Um caloroso “Buiti achuluruni” foram as palavras de boas-vindas em garifuna para mais de mil participantes que foram a La Ceiba, em Honduras, para participar da primeira Cúpula Mundial de Afrodescendentes. A Cúpula Mundial de Afrodescendentes:
Desenvolvimento Integral e Sustentável com Identidade foi organizada pela Organização de Desenvolvimento Étnico Comunitário e pela Comissão Internacional da Sociedade Civil para comemorar o Ano Internacional dos Afrodescendentes das Nações Unidas (ONU) e da Organização dos Estados Americanos (OEA).
Entre os participantes da cúpula estavam representantes da sociedade civil, do governo e de organizações internacionais de mais de 30 países.
Liderei a delegação do Departamento de Estado. Faziam parte da delegação americana vários funcionários do Bureau de Assuntos do Hemisfério Ocidental e da Agência dos Estados Unidos para o Desenvolvimento Internacional, bem como autoridades da Embaixada dos EUA em Honduras.
Os participantes presentes à cerimônia de abertura incluíram os presidentes Porfirio Lobo, de Honduras, e Álvaro Colom, da Guatemala, o vice-presidente Alfio Piva, da Costa Rica, embaixadores e membros do corpo diplomático de Honduras, ministros do governo central, o prefeito de La Cieba, representantes de 34 delegações internacionais e da comunidade local. O presidente Lobo enfatizou: “A discriminação racial e étnica de qualquer tipo é intolerável. (...) Não há exceção.” Disse ainda:
“Os direitos das pessoas e os direitos das comunidades não devem ser concessões de um governo, porque todos nascemos iguais e com os mesmos direitos.” Outros oradores declararam sua solidariedade para com os afrodescendentes, bem como a importância da diversidade e a disposição de trabalhar juntos para melhorar as condições dos afrodescendentes, que são geralmente marginalizados econômica, política e socialmente.
A secretária de Estado, Hillary Rodham Clinton, enviou uma mensagem aos coordenadores e participantes da Cúpula. Ela disse: “Precisamos continuar a melhorar a igualdade racial na região e no mundo todo.
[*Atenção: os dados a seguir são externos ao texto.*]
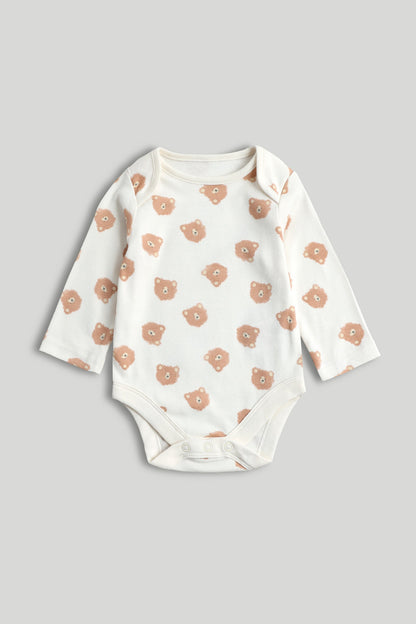 5 Pack Teddy Long-Sleeved Bodysuits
Precisamos promover maior diversidade, abertura e entendimento.
Precisamos ampliar a educação, o empreendedorismo e as oportunidades de emprego para mais pessoas, para enfrentar os desafios comuns que temos à nossa frente.” Além da declaração da secretária Hillary Clinton, um representante da União Africana (UA) fez uma declaração salientando o aumento das missões da UA, inclusive uma nova missão em Washington, DC, e estimulando os afrodescendentes a desempenhar um papel ativo na UA.
A Cúpula comemorou a rica herança cultural dos afrodescendentes com apresentações de grupos como Trupe de Dança Garifuna, Chen Lo e The Lo Frequency (grupo americano patrocinado pela Embaixada dos EUA em Honduras) e de artistas caribenhos. Os ritmos sentimentais do Chen Lo e do The Lo Frequency emolduraram canções de vários artistas afro-americanos. Além disso, jovens locais exibiram seus talentos de dança com a apresentação de 20 canções populares. Uma coleção de imagens do concurso de fotografia do Ano Internacional dos Afrodescendentes da Embaixada dos EUA foi exibida durante o evento. O concurso de fotografia do Ano Internacional dos Afrodescendentes, realizado em abril, também comemorou o mês da Herança Africana em Honduras.
A Cúpula salientou as contribuições positivas dos afrodescendentes aos seus respectivos países e ao mundo todo e ao mesmo tempo reconheceu e discutiu os desafios que continuam a enfrentar. O evento terminou com uma declaração, incluindo o pedido de um Fórum Permanente de Assuntos Afrodescendentes na ONU, na OEA e na União Europeia, além da criação de um fundo de desenvolvimento para comunidades africanas e afrodescendentes.